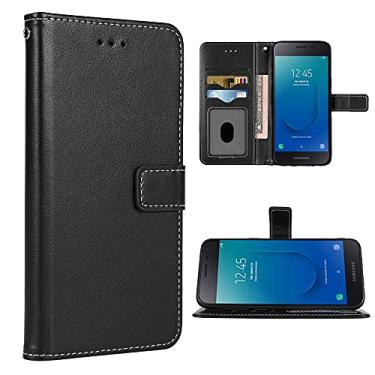 Imagem de FDCWTSH Compatível com Samsung Galaxy J2 Pure J2 Core J 2 Dash 2J Shine capa carteira alça de pulso capa flip suporte cartão capas para celular para J2Core J2Dash J2Pure J2Shine SM-J260A J260A Preto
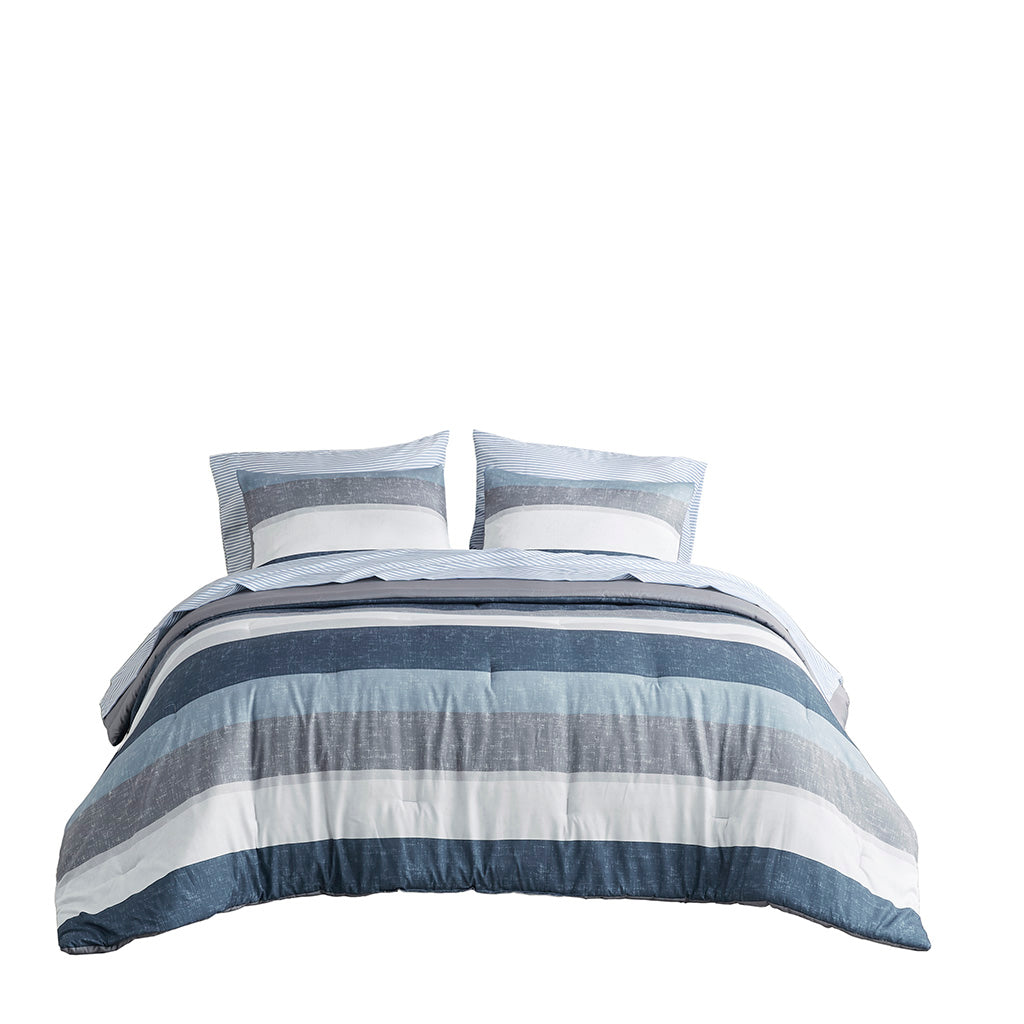 Madison Park Essentials Stripe Comforter Set with Bed Sheets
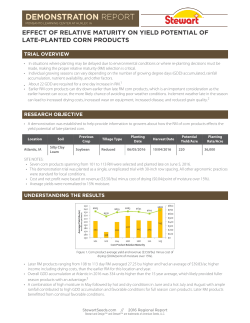 effect of relative maturity on yield potential of late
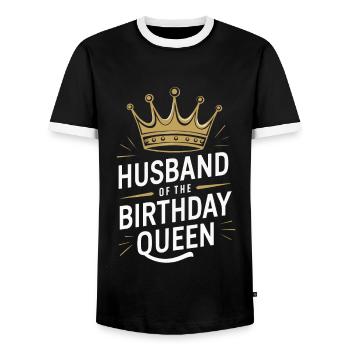 Ehemann Ehegatte Familie Hochzeit - Männer Kontrast-T-Shirt - Schwarz/Weiß - Vorne - AI Model Female 172 light (172cm) & AI Model Male 178 light (178cm)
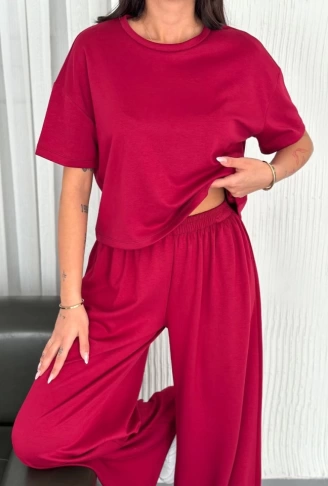 Osy Modal Yumuşak Dokulu Kumaş Bisiklet Yaka T-shirt Bol Paça Pantalon Ikili Takım -Bordo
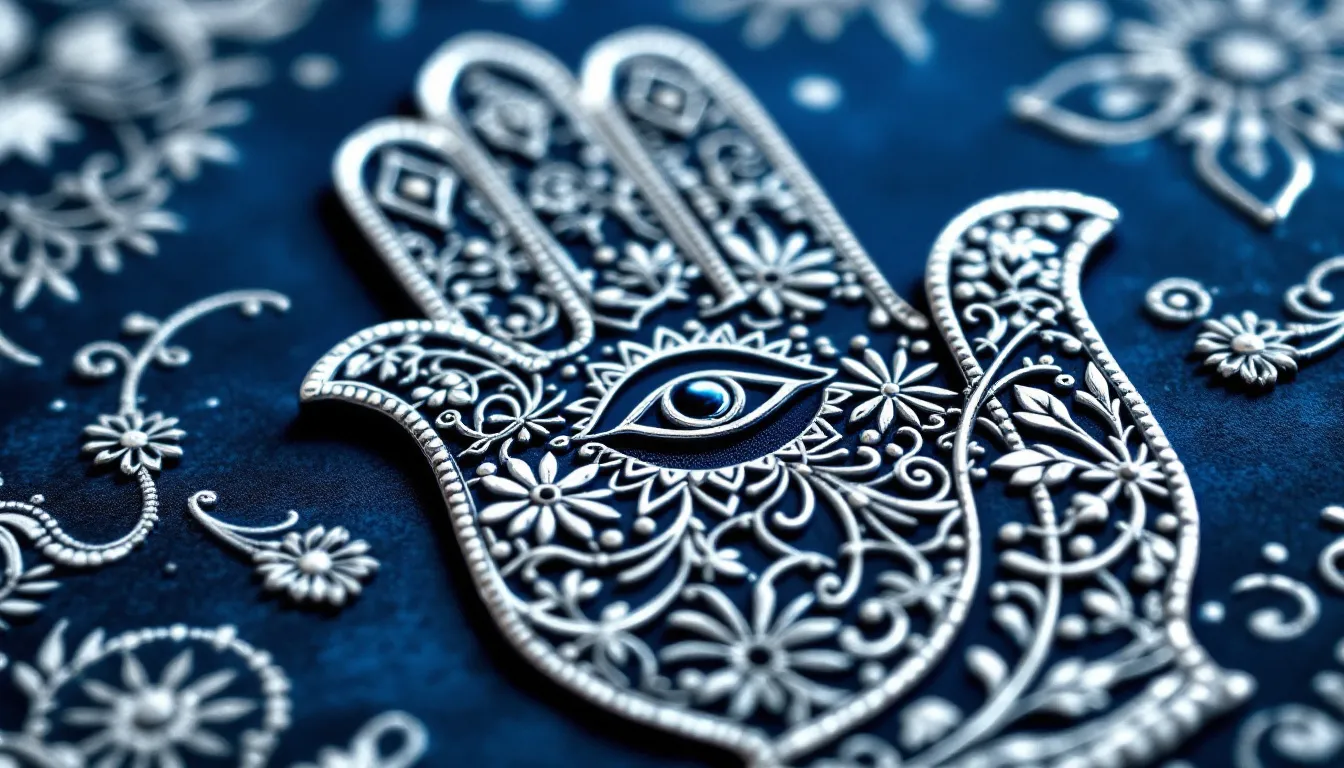 The image features a stylish hamsa hand charm bracelet made of yellow gold, symbolizing protection and luck for the wearer. The intricate design includes an evil eye motif, emphasizing its cultural significance and connection to Israel, making it a meaningful accessory for any wrist.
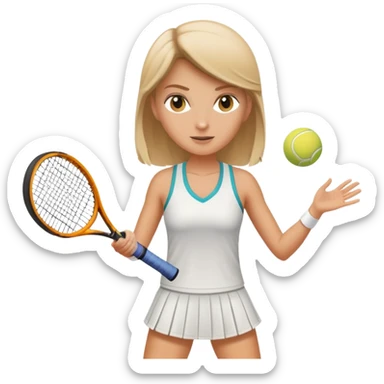 white female play tennis sticker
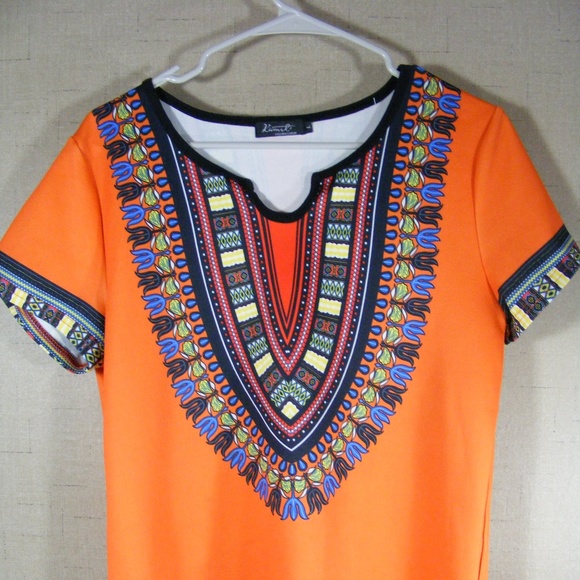 WOMAN AFRICAN  STYLE SHIRT ORANGE  KIVENST SM - Picture 1 of 6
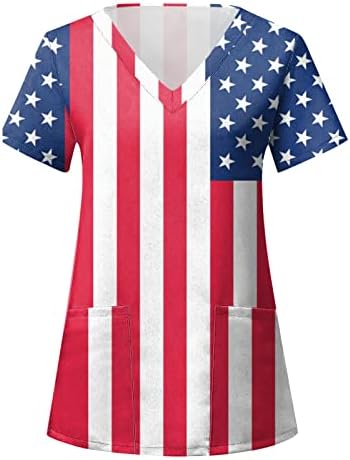 Július 4-én Tshirt a Nők Amerikai Zászló Nyári Rövid Ujjú, V-Nyakú Póló, 2 Zsebbel Vicces Ünnepi Alkalmi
※ ※ ※
■ YOUR TASK:
Print the listing word for word but skip its pictures.

■ ANSWER FOR THE TASK:
 Imagem de FDCWTSH Compatível com Samsung Galaxy J2 Pure J2 Core J 2 Dash 2J Shine capa carteira alça de pulso capa flip suporte cartão capas para celular para J2Core J2Dash J2Pure J2Shine SM-J260A J260A Preto
 Madison Park Essentials Stripe Comforter Set with Bed Sheets
 effect of relative maturity on yield potential of late
 Ehemann Ehegatte Familie Hochzeit - Männer Kontrast-T-Shirt - Schwarz/Weiß - Vorne - AI Model Female 172 light (172cm) & AI Model Male 178 light (178cm)
 Osy Modal Yumuşak Dokulu Kumaş Bisiklet Yaka T-shirt Bol Paça Pantalon Ikili Takım -Bordo
 The image features a stylish hamsa hand charm bracelet made of yellow gold, symbolizing protection and luck for the wearer. The intricate design includes an evil eye motif, emphasizing its cultural significance and connection to Israel, making it a meaningful accessory for any wrist.
 white female play tennis sticker
 WOMAN AFRICAN  STYLE SHIRT ORANGE  KIVENST SM - Picture 1 of 6
 Július 4-én Tshirt a Nők Amerikai Zászló Nyári Rövid Ujjú, V-Nyakú Póló, 2 Zsebbel Vicces Ünnepi Alkalmi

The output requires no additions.